▶ _LISTED RECORDS_:
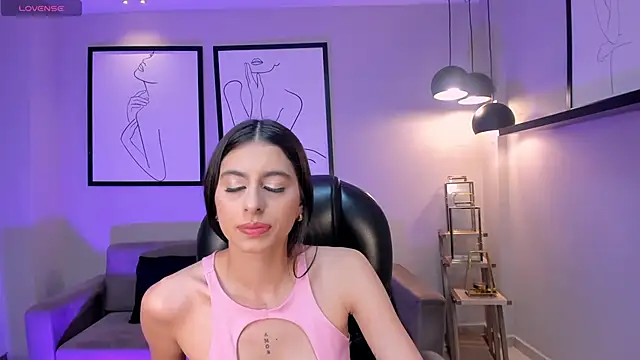 BellaConnorX online show from May 9, 8:44 pm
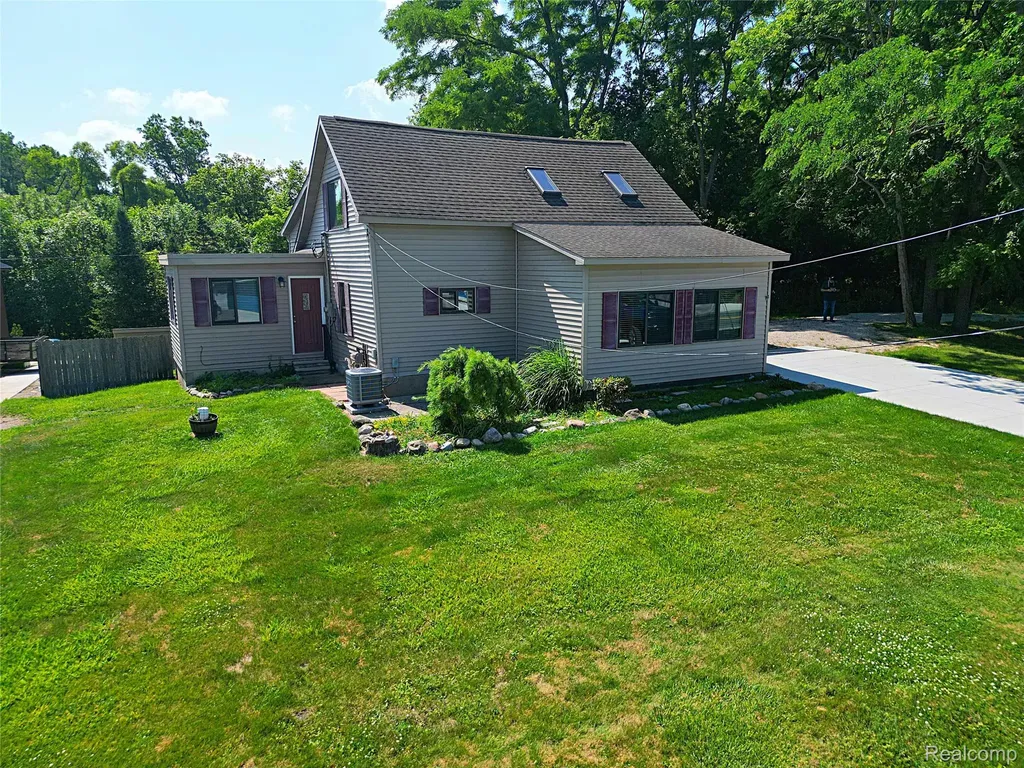 412 E Shore Drive Northfield Township MI 48189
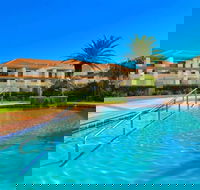 Breakers 1/8 - Accommodation Newcastle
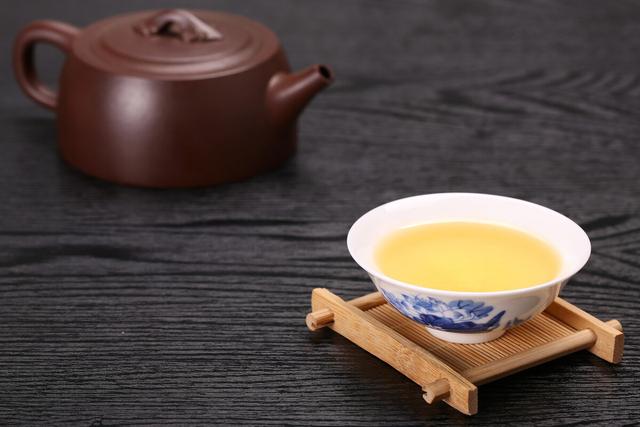 茶具|用紫砂壶泡白茶好不好？泡白茶用什么茶具最好？葵小茗为你解答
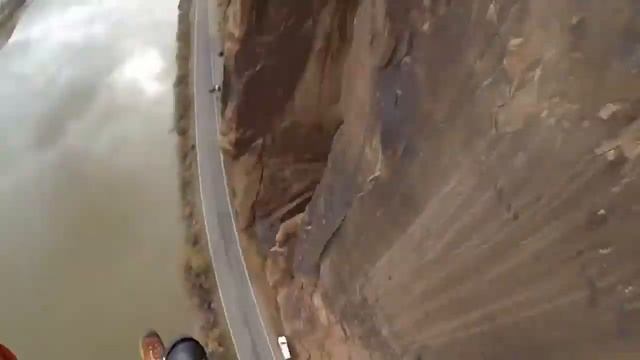 bAsE juMpIng iS FuN смотреть онлайн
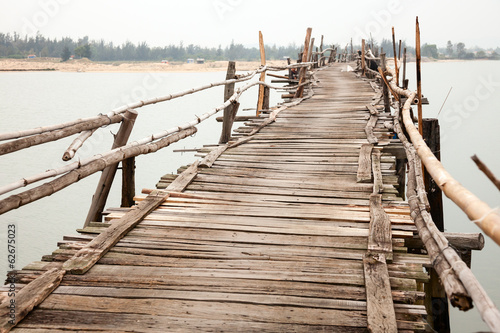 Fotoroleta wiejski most bambus azjatycki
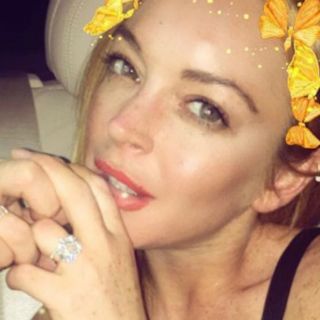Lindsay Lohan aún luce anillo de compromiso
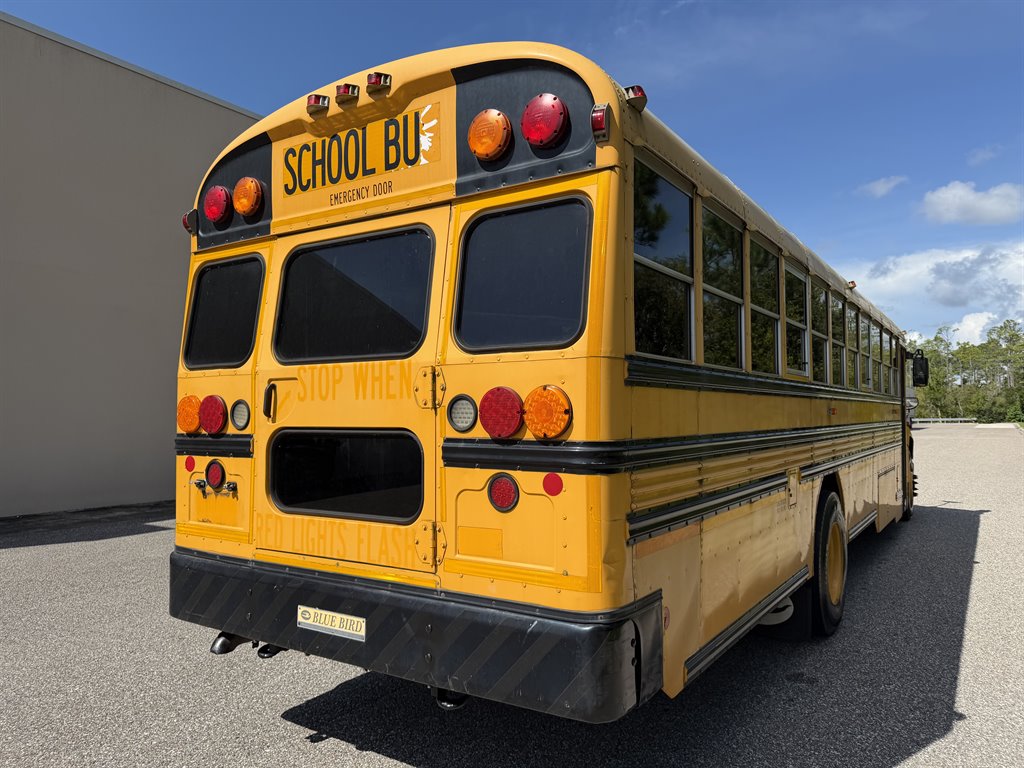 2013 Blue Bird Bb Conventional - $9,999
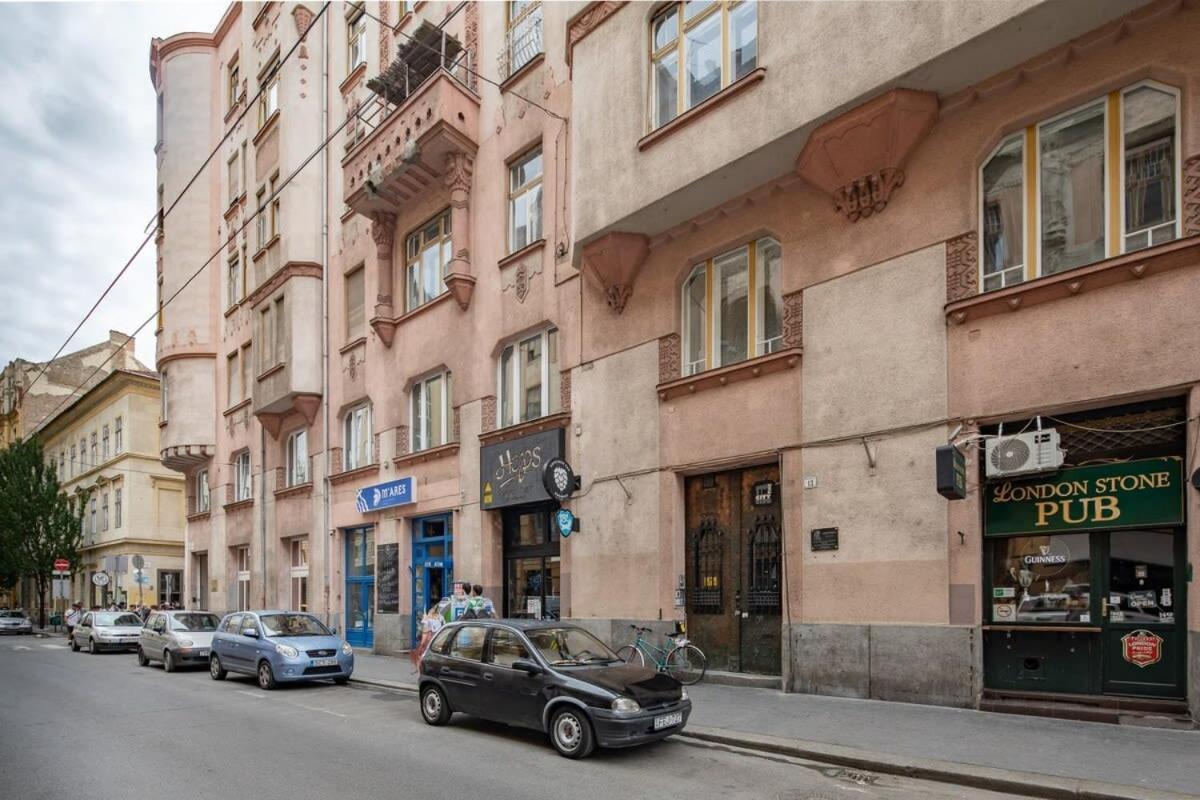 Extreme Central - Modern Mini Studio Budapest Exteriör bild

▶ _WORK TO COMPLETE_:
Give back the entire listing verbatim, without the pictures.

▶ _EXERCISE ANSWER_:
 BellaConnorX online show from May 9, 8:44 pm
 412 E Shore Drive Northfield Township MI 48189
 Breakers 1/8 - Accommodation Newcastle
 茶具|用紫砂壶泡白茶好不好？泡白茶用什么茶具最好？葵小茗为你解答
 bAsE juMpIng iS FuN смотреть онлайн
 Fotoroleta wiejski most bambus azjatycki
Lindsay Lohan aún luce anillo de compromiso
 2013 Blue Bird Bb Conventional - $9,999
 Extreme Central - Modern Mini Studio Budapest Exteriör bild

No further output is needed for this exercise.